##  基于模式匹配的对话机器人实现

### Pattern Match

机器能否实现对话，这个长久以来是衡量机器人是否具有智能的一个重要标志。 Alan Turing早在其文中就提出过一个测试机器智能程度的方法，该方法主要是考察人类是否能够通过对话内容区分对方是机器人还是真正的人类，如果人类无法区分，我们就称之为具有”智能“。而这个测试，后来被大家叫做”图灵测试“，之后也被翻拍成了一步著名电影，叫做《模拟游戏》。 



既然图灵当年以此作为机器是否具备智能的标志，这项任务肯定是复杂的。自从 1960s 开始，诸多科学家就希望从各个方面来解决这个问题，直到如今，都只能解决一部分问题。 目前对话机器人的建立方法有很多，今天的作业中，我们为大家提供一共快速的基于模板的对话机器人配置方式。

此次作业首先希望大家能够读懂这段程序的代码，其次，在此基于我们提供的代码，**能够把它改造成汉语版本，实现对话效果。** 

为了实现模板的判断和定义，我们需要定义一个特殊的符号类型，这个符号类型就叫做"variable"， 这个"variable"用来表示是一个占位符。

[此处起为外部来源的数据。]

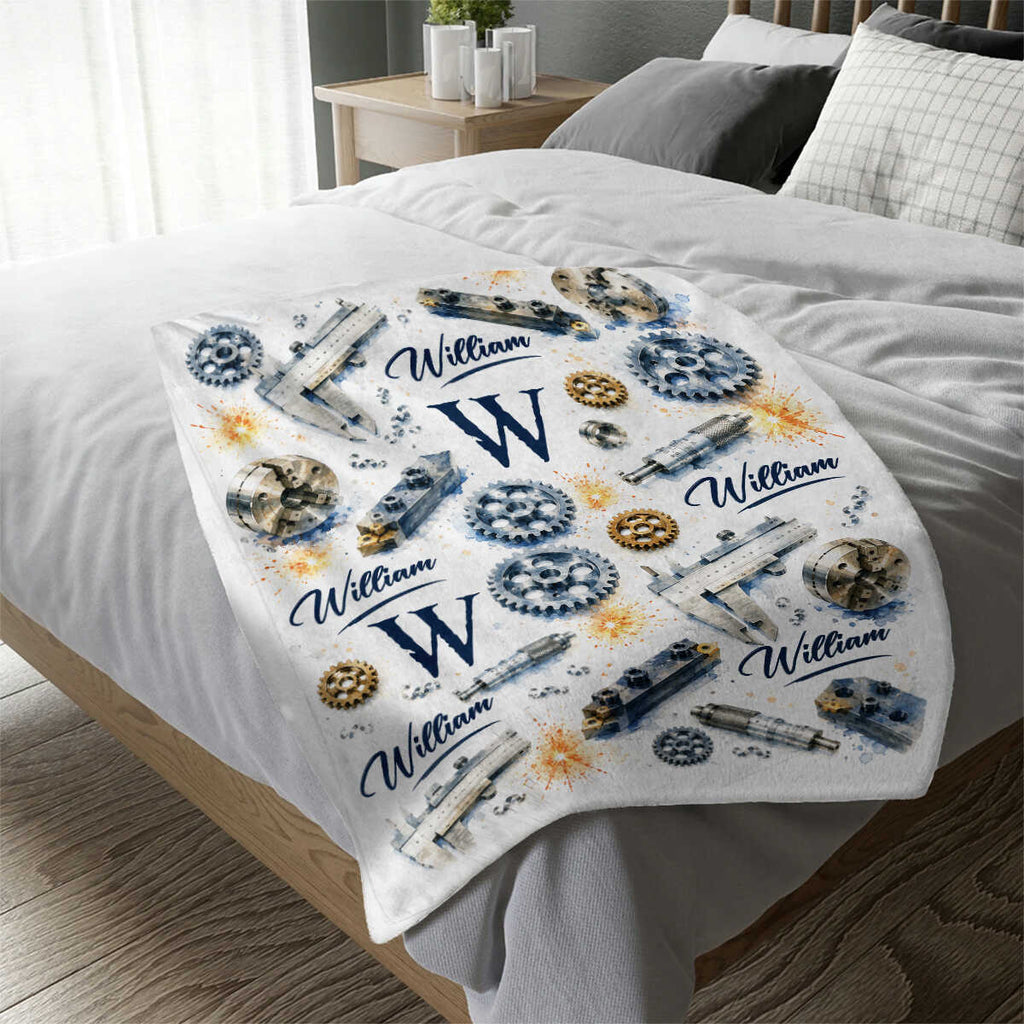 Personalized Machinist Blanket, Custom Name Machinist Gift, CNC Machinist Blanket, Machinist Tools Throw, Gift for Machinist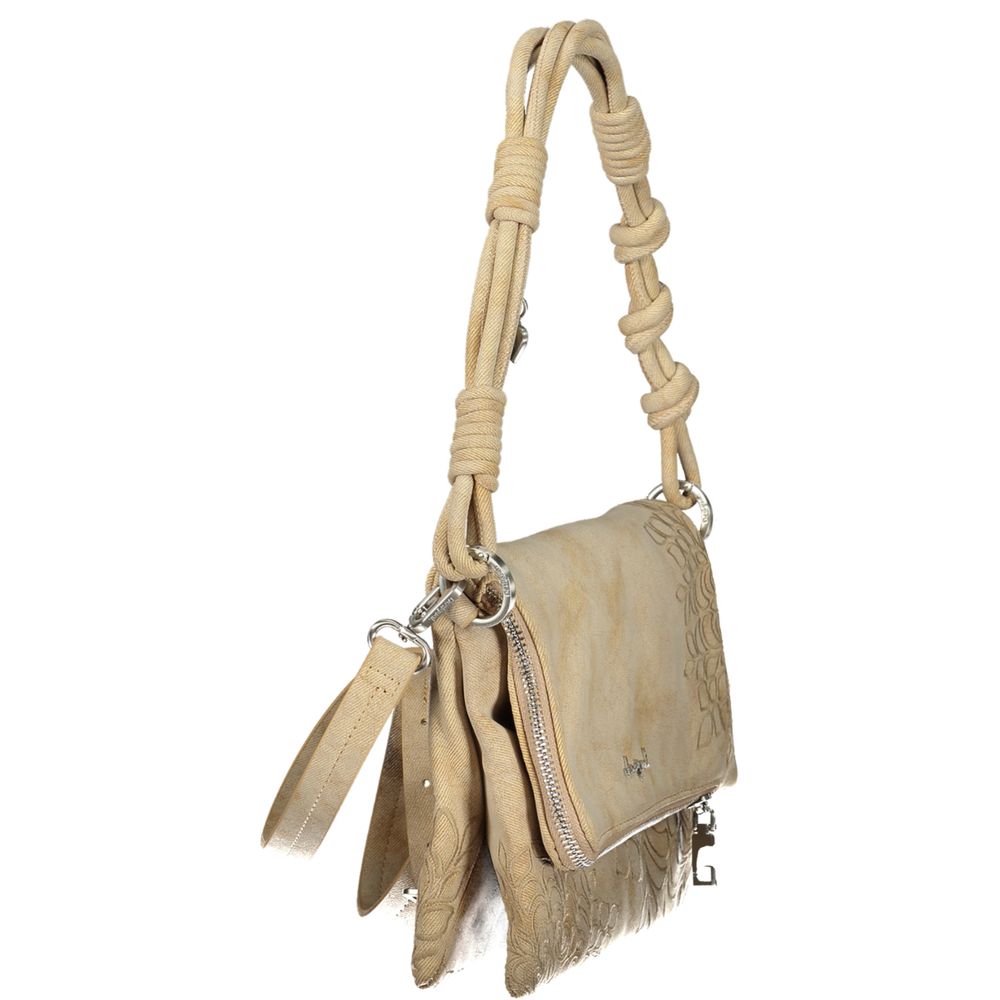 Beige Polyurethane Women Handbag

例如，定义一个目标: "I want X"， 我们可以表示成 "I want ?X", 意思就是?X是一个用来占位的符号。

如果输入了"I want holiday"， 在这里 'holiday' 就是 '?X'

In [1]:
def is_variable(pat):
    return pat.startswith('?') and all(s.isalpha() for s in pat[1:])
    

In [2]:
is_variable('?ddd?')

False

In [3]:
def pat_match(pat,saying):
    if is_variable(pat[0]):
        return True
    elif pat[0]!=saying[0]:
        return False
    else:
        return pat_match(pat[1:],saying[1:])

In [4]:
pat_match('I come from ?x'.split(),'I come from shanghai'.split())

True

In [5]:
pat_match('I comed from ?x'.split(),'I is comed from is shanghai'.split())

False

### 获得匹配的变量

以上的函数能够判断两个 pattern 是不是相符，但是我们更加希望的是获得每个variable对应的是什么值。

我们对程序做如下修改:

In [6]:
def pat_match(pat,saying):
    if is_variable(pat[0]):
        return pat[0],saying[0]
    elif pat[0]!=saying[0]:
        return False
    else:
        return pat_match(pat[1:],saying[1:])

In [7]:
pat_match('I come from ?X'.split(),'I come from shanghai'.split())

('?X', 'shanghai')

In [8]:
pat_match('?x equal ?x'.split(),'2+2 equal 4'.split())

('?x', '2+2')

但是，如果我们的 Pattern 中具备两个变量，那么以上程序就不能解决了，我们可以对程序做如下修改:

In [9]:
def pat_match(pat,saying):
    if not pat or not saying :
        return []
    elif is_variable(pat[0]):
        return [(pat[0],saying[0])]+pat_match(pat[1:],saying[1:])
    elif pat[0] !=saying[0]:
        return []
    else:
        return pat_match(pat[1:],saying[1:])


In [10]:
pat_match('?x equal ?x'.split(),'2+2 equal 4'.split())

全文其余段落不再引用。